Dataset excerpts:
• • • • • • •

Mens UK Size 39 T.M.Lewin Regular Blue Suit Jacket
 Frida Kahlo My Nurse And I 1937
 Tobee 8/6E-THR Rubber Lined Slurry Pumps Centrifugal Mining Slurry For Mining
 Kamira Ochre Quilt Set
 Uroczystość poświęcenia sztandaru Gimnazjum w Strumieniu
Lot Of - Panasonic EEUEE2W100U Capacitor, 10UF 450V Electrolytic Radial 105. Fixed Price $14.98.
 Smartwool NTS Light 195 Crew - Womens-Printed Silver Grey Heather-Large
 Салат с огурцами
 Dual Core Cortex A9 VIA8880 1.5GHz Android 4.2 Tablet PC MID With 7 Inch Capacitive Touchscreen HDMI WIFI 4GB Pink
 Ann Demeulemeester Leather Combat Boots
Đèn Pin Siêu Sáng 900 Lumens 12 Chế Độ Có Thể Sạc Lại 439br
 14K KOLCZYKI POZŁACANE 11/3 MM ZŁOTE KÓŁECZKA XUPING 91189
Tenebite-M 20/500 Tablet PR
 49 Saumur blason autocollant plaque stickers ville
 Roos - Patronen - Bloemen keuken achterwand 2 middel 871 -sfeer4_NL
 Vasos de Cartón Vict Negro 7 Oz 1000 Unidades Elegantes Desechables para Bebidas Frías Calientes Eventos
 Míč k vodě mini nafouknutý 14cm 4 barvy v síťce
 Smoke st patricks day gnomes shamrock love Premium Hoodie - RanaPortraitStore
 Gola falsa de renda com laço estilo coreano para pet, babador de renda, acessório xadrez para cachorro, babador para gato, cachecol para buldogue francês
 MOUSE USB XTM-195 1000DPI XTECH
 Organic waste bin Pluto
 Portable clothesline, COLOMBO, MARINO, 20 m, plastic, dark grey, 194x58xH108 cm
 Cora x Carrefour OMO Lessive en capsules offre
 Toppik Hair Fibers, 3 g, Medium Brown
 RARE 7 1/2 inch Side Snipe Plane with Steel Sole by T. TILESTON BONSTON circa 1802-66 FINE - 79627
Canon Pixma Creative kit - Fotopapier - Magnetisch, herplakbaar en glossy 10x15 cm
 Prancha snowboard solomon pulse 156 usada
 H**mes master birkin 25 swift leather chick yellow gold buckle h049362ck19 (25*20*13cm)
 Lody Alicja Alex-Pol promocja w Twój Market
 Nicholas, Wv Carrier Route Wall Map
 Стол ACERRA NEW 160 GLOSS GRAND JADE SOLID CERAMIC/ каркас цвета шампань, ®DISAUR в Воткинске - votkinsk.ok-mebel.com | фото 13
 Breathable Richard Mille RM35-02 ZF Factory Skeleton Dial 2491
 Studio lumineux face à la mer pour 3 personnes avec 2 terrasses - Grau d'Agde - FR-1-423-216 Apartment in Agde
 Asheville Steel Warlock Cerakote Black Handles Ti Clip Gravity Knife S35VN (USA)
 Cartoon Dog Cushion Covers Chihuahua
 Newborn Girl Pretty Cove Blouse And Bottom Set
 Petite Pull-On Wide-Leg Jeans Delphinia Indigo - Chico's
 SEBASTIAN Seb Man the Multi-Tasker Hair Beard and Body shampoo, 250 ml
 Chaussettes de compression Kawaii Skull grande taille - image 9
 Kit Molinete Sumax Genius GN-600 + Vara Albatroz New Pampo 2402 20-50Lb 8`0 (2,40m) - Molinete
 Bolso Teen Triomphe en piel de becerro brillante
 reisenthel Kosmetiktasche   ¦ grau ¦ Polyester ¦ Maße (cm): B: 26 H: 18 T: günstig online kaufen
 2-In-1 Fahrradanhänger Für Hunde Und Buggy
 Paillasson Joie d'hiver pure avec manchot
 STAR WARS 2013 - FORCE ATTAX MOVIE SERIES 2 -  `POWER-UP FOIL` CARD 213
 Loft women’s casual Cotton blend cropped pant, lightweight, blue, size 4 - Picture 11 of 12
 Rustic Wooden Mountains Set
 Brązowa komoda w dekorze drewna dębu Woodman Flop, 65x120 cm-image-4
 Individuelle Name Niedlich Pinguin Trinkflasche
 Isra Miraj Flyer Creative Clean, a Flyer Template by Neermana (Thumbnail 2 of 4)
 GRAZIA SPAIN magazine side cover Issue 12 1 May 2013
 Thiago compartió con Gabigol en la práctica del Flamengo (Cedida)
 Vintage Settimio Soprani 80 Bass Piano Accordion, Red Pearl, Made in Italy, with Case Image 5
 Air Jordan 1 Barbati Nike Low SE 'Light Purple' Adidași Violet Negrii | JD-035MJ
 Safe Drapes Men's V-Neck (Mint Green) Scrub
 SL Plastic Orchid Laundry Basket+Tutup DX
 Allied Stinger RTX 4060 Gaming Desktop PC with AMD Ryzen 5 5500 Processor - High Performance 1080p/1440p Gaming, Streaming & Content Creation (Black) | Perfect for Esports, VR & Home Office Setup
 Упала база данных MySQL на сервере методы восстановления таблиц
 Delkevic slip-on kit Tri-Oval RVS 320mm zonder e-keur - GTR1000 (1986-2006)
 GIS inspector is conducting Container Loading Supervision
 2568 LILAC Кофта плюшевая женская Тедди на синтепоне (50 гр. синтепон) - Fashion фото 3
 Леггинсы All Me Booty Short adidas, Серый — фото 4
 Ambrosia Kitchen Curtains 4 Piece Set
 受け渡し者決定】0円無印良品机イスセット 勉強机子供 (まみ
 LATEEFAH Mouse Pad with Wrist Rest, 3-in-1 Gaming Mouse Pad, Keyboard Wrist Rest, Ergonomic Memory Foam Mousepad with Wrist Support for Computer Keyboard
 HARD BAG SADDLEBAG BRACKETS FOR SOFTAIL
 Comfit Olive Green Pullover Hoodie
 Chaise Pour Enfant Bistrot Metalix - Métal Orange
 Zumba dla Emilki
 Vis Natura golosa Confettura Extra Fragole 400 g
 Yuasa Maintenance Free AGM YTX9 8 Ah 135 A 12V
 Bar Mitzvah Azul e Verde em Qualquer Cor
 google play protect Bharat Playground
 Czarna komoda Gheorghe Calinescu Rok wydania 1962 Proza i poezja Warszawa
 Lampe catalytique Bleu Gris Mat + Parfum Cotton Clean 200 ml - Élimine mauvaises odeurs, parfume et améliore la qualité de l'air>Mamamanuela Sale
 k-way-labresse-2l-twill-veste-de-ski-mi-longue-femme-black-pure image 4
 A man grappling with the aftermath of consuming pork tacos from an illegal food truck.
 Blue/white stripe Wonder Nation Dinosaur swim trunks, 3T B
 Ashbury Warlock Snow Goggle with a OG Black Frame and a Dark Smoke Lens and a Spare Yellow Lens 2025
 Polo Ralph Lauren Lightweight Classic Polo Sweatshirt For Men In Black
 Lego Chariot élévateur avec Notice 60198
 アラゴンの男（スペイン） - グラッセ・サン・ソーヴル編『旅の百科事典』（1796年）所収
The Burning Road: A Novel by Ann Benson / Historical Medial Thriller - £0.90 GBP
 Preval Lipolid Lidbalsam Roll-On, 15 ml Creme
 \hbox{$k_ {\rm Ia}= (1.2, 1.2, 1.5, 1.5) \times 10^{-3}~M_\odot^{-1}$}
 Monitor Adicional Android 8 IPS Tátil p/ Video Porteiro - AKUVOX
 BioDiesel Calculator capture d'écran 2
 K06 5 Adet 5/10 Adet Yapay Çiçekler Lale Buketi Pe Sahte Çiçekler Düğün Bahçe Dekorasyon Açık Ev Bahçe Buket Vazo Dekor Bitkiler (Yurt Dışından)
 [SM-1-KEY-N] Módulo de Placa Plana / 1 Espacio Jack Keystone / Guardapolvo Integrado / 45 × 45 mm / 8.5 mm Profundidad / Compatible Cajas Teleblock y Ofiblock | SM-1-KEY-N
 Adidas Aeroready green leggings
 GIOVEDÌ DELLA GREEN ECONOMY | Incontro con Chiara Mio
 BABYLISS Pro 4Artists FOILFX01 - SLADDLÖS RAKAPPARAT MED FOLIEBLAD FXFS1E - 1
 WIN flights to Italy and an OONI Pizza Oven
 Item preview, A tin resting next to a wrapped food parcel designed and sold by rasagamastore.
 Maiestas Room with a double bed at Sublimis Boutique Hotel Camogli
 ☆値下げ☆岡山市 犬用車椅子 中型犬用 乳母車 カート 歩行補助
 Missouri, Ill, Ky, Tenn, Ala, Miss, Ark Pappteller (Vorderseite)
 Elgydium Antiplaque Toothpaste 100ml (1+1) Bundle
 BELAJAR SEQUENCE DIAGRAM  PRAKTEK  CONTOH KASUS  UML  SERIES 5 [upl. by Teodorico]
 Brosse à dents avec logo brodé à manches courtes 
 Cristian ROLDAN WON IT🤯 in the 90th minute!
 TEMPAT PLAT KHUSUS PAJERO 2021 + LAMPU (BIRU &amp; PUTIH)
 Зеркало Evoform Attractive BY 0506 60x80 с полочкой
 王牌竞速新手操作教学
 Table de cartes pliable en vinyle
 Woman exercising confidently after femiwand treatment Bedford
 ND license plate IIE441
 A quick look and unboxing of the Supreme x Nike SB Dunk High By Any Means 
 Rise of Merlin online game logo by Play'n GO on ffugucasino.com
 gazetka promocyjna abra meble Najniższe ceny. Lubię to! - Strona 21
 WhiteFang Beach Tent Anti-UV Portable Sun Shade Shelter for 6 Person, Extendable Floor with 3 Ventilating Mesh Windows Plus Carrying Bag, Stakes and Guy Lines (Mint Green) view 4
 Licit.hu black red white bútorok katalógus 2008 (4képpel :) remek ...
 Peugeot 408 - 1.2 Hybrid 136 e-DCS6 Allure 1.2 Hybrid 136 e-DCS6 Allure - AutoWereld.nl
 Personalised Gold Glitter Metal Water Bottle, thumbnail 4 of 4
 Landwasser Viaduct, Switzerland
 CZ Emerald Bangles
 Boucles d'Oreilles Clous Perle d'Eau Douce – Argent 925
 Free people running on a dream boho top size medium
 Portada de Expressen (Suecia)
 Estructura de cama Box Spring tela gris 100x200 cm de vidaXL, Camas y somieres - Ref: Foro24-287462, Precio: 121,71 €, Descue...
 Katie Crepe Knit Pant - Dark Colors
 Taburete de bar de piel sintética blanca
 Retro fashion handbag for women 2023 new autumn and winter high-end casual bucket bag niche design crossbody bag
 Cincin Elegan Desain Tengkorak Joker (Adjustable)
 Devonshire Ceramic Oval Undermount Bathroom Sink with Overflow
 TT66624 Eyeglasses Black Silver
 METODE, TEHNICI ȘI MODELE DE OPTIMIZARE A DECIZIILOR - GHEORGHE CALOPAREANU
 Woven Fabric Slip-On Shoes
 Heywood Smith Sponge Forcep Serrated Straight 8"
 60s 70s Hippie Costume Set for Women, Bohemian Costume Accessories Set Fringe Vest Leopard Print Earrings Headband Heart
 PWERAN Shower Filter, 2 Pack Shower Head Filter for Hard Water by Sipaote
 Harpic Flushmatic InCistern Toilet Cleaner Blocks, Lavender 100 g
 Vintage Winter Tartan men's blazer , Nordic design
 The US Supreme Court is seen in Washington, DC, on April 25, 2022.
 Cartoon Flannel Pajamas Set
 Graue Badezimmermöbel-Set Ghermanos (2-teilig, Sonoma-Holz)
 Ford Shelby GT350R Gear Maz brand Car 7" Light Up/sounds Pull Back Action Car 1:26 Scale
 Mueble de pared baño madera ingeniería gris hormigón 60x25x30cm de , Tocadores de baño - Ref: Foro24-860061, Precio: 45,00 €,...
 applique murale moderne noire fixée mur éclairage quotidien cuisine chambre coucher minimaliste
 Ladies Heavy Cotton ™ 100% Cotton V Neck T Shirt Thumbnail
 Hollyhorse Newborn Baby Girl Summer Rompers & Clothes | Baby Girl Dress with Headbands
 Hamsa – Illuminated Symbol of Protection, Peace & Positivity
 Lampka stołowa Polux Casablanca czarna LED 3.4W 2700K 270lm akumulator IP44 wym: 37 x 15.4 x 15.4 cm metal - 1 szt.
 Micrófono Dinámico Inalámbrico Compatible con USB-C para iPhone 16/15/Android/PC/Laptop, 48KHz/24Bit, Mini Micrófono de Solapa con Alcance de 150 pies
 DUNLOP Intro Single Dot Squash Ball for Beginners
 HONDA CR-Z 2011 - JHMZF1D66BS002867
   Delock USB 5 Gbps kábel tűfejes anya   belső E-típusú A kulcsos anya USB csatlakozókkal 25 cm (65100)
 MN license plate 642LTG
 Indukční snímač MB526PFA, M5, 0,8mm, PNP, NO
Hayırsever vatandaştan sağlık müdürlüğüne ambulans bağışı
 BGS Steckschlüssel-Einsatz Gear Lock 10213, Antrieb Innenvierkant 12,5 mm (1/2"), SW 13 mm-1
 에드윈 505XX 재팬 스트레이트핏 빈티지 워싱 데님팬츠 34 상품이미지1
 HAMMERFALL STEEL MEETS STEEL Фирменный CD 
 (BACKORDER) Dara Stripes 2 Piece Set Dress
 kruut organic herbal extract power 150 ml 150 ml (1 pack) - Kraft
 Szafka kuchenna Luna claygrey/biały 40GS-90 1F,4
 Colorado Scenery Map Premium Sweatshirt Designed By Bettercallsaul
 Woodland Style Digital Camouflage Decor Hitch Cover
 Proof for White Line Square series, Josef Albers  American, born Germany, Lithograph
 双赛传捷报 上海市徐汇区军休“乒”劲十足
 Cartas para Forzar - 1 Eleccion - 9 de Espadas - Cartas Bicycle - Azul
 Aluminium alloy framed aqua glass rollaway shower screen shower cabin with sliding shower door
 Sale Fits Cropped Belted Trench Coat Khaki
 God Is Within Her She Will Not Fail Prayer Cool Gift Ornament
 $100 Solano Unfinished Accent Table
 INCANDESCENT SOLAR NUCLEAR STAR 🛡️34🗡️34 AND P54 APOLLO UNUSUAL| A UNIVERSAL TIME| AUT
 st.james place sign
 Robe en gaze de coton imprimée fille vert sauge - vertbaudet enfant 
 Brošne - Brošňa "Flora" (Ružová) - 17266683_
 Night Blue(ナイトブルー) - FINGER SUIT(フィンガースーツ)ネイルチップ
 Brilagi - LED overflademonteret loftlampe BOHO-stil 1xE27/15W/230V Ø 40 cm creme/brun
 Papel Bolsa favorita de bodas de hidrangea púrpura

• • • • • • •

**EXERCISE**
In your answer, include only the lines above starting at the line that holds "Item preview, A" and ending at the line that holds "Elgydium Antiplaque Toothpaste", copied exactly.

**EXERCISE RESPONSE**
 Item preview, A tin resting next to a wrapped food parcel designed and sold by rasagamastore.
 Maiestas Room with a double bed at Sublimis Boutique Hotel Camogli
 ☆値下げ☆岡山市 犬用車椅子 中型犬用 乳母車 カート 歩行補助
 Missouri, Ill, Ky, Tenn, Ala, Miss, Ark Pappteller (Vorderseite)
 Elgydium Antiplaque Toothpaste 100ml (1+1) Bundle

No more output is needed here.